▶ **Record extracts**

-*-*-

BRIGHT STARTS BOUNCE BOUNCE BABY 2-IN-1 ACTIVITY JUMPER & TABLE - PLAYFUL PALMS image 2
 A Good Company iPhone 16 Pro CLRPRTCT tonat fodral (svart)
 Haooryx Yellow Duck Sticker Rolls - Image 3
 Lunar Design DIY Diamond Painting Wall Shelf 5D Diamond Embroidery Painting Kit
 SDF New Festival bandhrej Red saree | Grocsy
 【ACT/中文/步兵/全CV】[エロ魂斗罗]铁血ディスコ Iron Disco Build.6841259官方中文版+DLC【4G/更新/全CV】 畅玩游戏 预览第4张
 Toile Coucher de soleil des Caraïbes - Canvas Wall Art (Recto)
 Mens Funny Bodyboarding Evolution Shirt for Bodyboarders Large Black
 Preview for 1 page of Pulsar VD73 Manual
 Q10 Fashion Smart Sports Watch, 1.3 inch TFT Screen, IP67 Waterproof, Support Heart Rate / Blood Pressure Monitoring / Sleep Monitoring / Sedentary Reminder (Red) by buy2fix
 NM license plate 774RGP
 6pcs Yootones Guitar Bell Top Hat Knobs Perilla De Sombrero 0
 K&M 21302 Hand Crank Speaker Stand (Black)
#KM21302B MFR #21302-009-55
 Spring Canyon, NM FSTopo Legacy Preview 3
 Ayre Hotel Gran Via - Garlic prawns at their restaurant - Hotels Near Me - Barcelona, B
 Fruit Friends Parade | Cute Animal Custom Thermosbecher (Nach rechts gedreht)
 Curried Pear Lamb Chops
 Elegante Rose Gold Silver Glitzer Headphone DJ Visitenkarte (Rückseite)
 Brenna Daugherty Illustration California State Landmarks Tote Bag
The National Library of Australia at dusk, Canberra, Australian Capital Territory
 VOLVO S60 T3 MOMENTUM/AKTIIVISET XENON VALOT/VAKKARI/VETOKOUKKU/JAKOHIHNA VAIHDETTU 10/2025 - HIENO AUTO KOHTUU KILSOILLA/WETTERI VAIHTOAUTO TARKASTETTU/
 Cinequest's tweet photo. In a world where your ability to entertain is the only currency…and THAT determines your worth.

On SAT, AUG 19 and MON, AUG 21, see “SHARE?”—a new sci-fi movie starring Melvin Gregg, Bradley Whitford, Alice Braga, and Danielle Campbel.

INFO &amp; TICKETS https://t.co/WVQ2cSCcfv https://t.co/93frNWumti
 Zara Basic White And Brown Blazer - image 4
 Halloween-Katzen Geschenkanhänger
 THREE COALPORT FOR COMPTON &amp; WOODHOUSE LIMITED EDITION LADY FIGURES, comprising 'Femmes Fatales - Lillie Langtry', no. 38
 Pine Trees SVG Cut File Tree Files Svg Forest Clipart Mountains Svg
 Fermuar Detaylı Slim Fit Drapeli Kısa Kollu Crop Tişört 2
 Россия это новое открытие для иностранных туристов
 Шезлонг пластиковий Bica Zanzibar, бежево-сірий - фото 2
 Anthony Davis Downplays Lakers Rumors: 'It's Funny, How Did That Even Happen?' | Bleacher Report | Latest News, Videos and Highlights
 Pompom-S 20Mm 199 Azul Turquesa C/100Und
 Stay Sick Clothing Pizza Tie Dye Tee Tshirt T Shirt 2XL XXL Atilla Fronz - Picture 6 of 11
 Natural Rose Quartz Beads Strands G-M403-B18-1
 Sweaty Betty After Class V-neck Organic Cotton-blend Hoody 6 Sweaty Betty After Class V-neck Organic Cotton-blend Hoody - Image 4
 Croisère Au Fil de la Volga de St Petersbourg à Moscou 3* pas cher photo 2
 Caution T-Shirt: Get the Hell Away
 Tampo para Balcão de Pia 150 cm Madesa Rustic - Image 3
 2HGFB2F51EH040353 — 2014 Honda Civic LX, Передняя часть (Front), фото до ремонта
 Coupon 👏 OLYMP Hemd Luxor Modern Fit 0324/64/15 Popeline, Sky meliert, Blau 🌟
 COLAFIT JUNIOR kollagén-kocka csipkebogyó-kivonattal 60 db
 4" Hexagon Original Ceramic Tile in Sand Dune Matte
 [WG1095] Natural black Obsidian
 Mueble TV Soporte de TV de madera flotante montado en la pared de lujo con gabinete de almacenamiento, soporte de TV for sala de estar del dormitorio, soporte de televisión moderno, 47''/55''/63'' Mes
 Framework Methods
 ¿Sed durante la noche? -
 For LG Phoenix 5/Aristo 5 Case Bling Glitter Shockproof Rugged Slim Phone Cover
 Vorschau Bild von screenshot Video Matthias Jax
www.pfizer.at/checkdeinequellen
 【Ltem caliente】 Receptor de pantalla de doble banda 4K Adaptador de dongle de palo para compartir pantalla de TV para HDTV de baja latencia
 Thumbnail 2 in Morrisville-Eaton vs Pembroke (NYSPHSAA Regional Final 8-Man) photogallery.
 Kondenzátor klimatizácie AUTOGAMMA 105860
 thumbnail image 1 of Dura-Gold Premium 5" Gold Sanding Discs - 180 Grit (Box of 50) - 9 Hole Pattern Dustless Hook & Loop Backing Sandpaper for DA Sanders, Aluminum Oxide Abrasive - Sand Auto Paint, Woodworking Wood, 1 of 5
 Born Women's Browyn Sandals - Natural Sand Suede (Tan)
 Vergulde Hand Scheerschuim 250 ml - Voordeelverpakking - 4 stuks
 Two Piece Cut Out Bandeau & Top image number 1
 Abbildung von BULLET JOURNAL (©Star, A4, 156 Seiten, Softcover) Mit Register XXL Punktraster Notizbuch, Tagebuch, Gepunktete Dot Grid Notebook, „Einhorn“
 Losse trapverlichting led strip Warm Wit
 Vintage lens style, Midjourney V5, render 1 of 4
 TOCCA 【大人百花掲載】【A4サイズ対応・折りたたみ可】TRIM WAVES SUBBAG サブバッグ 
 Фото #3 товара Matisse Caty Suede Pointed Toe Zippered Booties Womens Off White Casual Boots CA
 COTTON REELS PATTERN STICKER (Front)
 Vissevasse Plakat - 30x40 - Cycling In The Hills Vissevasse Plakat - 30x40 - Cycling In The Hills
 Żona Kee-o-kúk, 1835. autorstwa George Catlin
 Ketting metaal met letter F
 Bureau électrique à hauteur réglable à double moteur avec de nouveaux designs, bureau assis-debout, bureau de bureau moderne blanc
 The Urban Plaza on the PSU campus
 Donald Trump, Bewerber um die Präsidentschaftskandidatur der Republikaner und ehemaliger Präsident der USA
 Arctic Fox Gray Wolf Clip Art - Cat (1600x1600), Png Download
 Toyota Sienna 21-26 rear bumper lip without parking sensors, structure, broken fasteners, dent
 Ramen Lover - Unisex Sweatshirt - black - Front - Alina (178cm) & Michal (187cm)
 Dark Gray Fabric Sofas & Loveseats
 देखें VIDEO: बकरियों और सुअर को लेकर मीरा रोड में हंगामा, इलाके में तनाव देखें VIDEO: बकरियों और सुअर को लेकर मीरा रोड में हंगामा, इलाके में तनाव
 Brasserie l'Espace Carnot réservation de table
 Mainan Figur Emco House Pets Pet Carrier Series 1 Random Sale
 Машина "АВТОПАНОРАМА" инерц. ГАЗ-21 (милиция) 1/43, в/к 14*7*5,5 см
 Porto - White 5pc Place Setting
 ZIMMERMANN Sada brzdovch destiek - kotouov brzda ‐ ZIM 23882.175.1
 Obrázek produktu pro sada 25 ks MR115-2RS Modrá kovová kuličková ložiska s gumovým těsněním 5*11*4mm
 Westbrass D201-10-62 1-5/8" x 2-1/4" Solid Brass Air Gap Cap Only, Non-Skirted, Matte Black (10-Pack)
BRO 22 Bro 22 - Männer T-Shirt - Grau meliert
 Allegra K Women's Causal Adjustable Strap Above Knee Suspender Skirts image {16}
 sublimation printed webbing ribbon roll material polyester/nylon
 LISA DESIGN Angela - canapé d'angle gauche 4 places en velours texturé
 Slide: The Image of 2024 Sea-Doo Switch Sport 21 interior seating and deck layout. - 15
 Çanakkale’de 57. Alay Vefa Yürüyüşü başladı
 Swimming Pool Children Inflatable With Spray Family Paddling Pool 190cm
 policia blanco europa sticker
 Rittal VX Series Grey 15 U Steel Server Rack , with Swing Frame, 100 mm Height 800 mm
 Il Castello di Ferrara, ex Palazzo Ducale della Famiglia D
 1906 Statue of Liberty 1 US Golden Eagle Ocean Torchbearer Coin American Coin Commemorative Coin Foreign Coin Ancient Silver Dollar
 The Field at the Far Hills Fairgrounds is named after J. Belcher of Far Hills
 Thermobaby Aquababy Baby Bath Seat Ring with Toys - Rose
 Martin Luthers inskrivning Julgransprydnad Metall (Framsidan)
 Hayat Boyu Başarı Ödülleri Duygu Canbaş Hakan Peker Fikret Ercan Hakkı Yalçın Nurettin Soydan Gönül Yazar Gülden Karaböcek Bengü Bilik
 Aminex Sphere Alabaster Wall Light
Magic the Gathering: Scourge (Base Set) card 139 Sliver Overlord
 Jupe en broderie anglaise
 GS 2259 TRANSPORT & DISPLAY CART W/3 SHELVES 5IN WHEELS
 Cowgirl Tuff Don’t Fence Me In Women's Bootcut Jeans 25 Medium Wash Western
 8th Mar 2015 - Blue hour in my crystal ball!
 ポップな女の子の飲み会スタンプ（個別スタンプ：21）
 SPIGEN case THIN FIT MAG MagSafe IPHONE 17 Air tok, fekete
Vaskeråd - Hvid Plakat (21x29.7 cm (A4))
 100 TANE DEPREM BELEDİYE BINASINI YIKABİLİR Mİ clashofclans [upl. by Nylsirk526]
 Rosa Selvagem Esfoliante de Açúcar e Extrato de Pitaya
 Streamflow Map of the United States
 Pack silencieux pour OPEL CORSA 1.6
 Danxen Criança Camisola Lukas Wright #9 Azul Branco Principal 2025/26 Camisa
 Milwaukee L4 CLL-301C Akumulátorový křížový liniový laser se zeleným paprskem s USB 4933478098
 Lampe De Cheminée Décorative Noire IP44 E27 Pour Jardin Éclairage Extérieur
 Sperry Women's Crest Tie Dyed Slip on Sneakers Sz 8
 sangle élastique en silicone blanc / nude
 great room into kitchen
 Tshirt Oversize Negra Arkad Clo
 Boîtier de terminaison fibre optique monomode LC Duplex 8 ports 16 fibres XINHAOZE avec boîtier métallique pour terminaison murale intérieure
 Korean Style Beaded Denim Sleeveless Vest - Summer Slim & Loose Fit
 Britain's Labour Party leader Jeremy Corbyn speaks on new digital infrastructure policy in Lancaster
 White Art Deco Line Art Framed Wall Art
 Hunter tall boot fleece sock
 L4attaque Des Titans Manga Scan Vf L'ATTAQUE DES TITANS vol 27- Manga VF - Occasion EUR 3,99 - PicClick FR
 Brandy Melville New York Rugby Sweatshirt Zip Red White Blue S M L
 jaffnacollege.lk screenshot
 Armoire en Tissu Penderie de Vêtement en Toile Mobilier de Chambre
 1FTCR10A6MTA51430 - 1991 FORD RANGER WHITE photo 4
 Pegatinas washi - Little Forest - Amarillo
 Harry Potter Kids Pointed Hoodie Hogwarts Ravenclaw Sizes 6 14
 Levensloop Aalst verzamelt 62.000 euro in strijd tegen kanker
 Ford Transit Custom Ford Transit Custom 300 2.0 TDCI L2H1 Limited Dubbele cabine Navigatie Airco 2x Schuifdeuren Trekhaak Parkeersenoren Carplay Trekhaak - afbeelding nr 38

-*-*-

▶ **Task to complete**
Where a line of the listing includes the word "Funny", it counts; say how many such lines there are and nothing more.

▶ **Reply to the exercise**
2